Estamos en una situación de una notable falta de participación y de debates, de inmovilismo: cientos de proyectos y espacios se caen, se desactivan o si pueden resisten el embate de un Gobierno que se ocupa diariamente de dividir y confundir a las organizaciones populares con un simple argumento: desarrollar un proyecto político.

Es que, mal que nos pese, el gobierno de Kirchner ha sido el único actor, desde el 19 y 20 de diciembre, que logró enhebrar una opción política. Fue la lectura más moderada del «que se vayan todos», es cierto, pero fue. En su plan de relegitimación de las instituciones, incorporó a su proyecto a varios de los actores fuertes de aquellas jornadas y a muchas de las demandas manifiestas y latentes de sus protagonistas.

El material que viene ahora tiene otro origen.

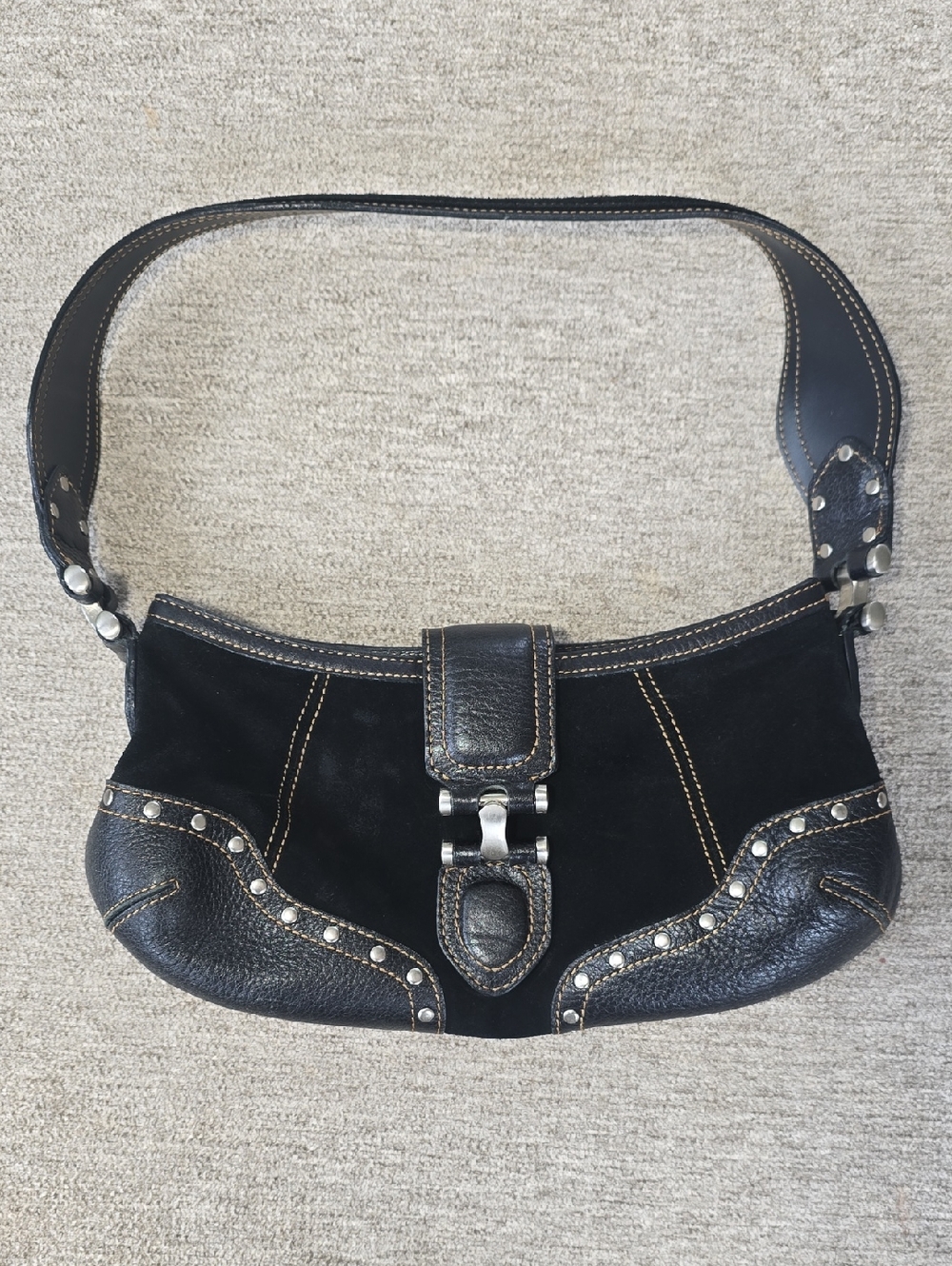 Maxximum Black Leather Studded Shoulder Bag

¿Y entonces? En nosotros está la posibilidad de revertir este panorama. Es cierto, con sumo cuidado de no repetir tristes experiencias del pasado, que creyeron que la discusión política era sólo para las cúpulas esclarecidas, que crearon ejércitos de soldados en lugar de colectivos de militantes, que creyeron, de una vez y para siempre, que tenían todas las respuestas. Pero deberíamos aprender que tan grave como creer tener todas las respuestas es nunca animarnos a empezar a responder alguna.

El desafío de la época: hacia una nueva cultura emancipatoria

«No hay motivos, en todo esto, para lamentarse. El hecho de que cualquier reformulación del socialismo deba hoy partir de un horizonte de experiencias más diversificado, complejo y contradictorio que el de hace cincuenta años -ni que hablar del de 1914, 1871 o 1848- es un desafío a la imaginación y a la creatividad política». Ernesto Laclau

¿Cuál es la lucha libertaria de nuestra época? Seguro no es igual a luchas anteriores, aunque debe inexorablemente nutrirse de ellas para reconocerse en una tradición emancipatoria de siglos de existencia. La lucha por el socialismo tiene que revisarse urgentemente: ¿qué es por lo que estamos peleando? ¿Cuáles son los nuevos valores? Es imprescindible que encontremos nuevos sentidos, nuevas modulaciones a este significante que llamamos socialismo, porque es cierto que tal como ha cristalizado hoy ya no convoca a multitudes a dar la vida por su promesa de futuro.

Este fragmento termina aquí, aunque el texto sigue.